The following lead criteria are widely used: 

  • Marketing Qualified Lead (MQL): A MQL lead has been identified as more likely to become a customer based on their engagement with your content, including visiting your website or downloading resources. They’ve expressed interest, but they aren’t ready to buy yet. 
  • Sales Accepted Lead (SAL): A SAL is ready to be handed off from marketing to sales. We know this because they have engaged with content in a predefined way as well as fit industry, company size, job title, etc. to be a fit for the sales process. They are ready to move to the next stage in the sales funnel. The sales team will do more research and look at more data. 
  • Sales Qualified Lead (SQL): A lead that is ready to talk to a sales rep. An SQL has shown purchasing interest in the solution you offer. The goal is to complete the sale 

Step 3

Develop specific content for each stage of the funnel. This could be segmented by persona, industry, geography, company size, or intent signal. 

Step 4

Extract the core topic themes from each stage. Use this information to set up your intent triggers. 

Step 5

Gather actionable insights and craft your campaigns to match, including email, ads, and SDR outreach. 


Measuring effectiveness 

As with any marketing and sales strategy, it’s important to track how well intent data is working. Use the following metrics to continue adapting your strategies. 

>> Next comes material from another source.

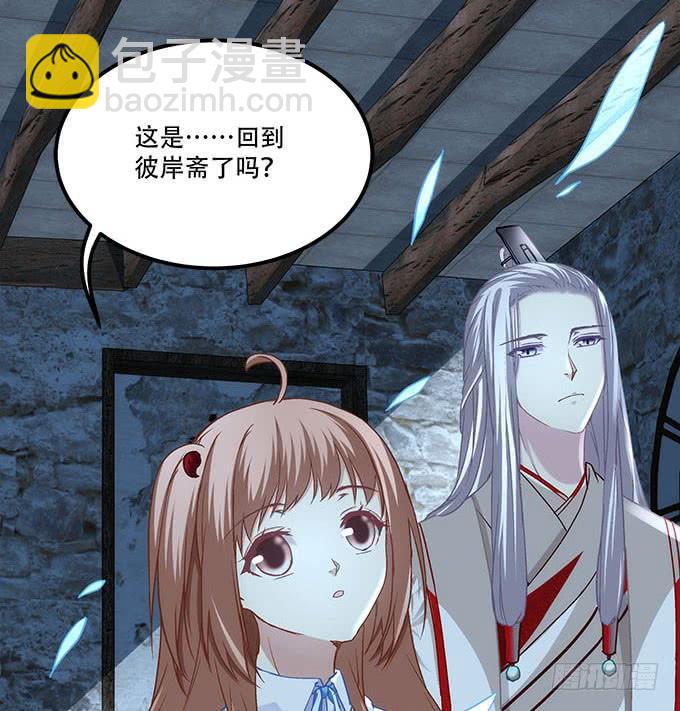 第三十话：黑白神灵录4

  • An increase in qualified leads 
  • Higher close rates 
  • Shorter sales cycle 
  • Increased revenue per new customer 
  • Improved pipeline velocity: Number of SQLs X current close rate X average revenue per new customer / total sales cycle days. Increasing your pipeline velocity is one of the secrets of revenue growth.

Intent data in practice 

“Intent marketing is the life-changing magic of giving people what they want.” 

Wordstream

Intent data helps you understand your prospects better so that, suddenly, an account you would have otherwise ignored comes front and center to your attention. Consider these segments of prospects and how Intent Data helps you use your resources and efforts more effectively. 

  • Company A DOES have the pain points you solve for, and they ARE aware of your solutions A high intent and high account score 
  • Company B DOES have the pain points you solve for, and they ARE NOT aware of your solutions. A high intent and low account score 
  • Prospect C DOES NOT have the pain points you solve for, and they ARE aware of your solutions. A low intent and high account score 
  • Prospect D DOES NOT have the pain points you solve for, and they ARE NOT aware of your solutions. A low intent and low account score 

With intent data in the picture, you don’t treat these accounts the same. Prospect D scores low in intent and account, and it’s not likely they need your services right now. Divert resources going towards Prospect D and put them to prospects who are farther along in their journey.   

With first-party data, you know that over 90 days, only three people from Company A engaged with your site resources and shared their contact information. You would mark Company A’s representatives as  “lower intent” and low priority, and you’d likely move your marketing resources elsewhere. 

Second-party data provides a window into Company A’s behavior off your site. Company A is visiting your competitors on a regular basis and probably is in need of your solutions, they just aren’t aware of you. Second-party Intent Data scores this lead with “high intent” and worthy of a sales development representative’s (SDR) attention. In this case, you’d reach out to Company A with the segmented resources you’ve prepared and, hopefully, turn a prospect into a client. 

Success happens when you get the right person at the right time when they need a solution like yours. Intent marketing makes that possible. 


Key Takeaways 

Get your competitive edge by integrating Intent Data into your current marketing, sales, and customer service strategies. As you do, keep these key points in mind. 

  • Intent Data leads are not the same as every other lead.  
  • Intent Data gives you valuable context about buyers you previously had no insight into. 
  • Develop an efficient process for actioning Intent Data to avoid wasting valuable insights. 
  • Use Intent Data to supplement what you are already doing to make it more effective.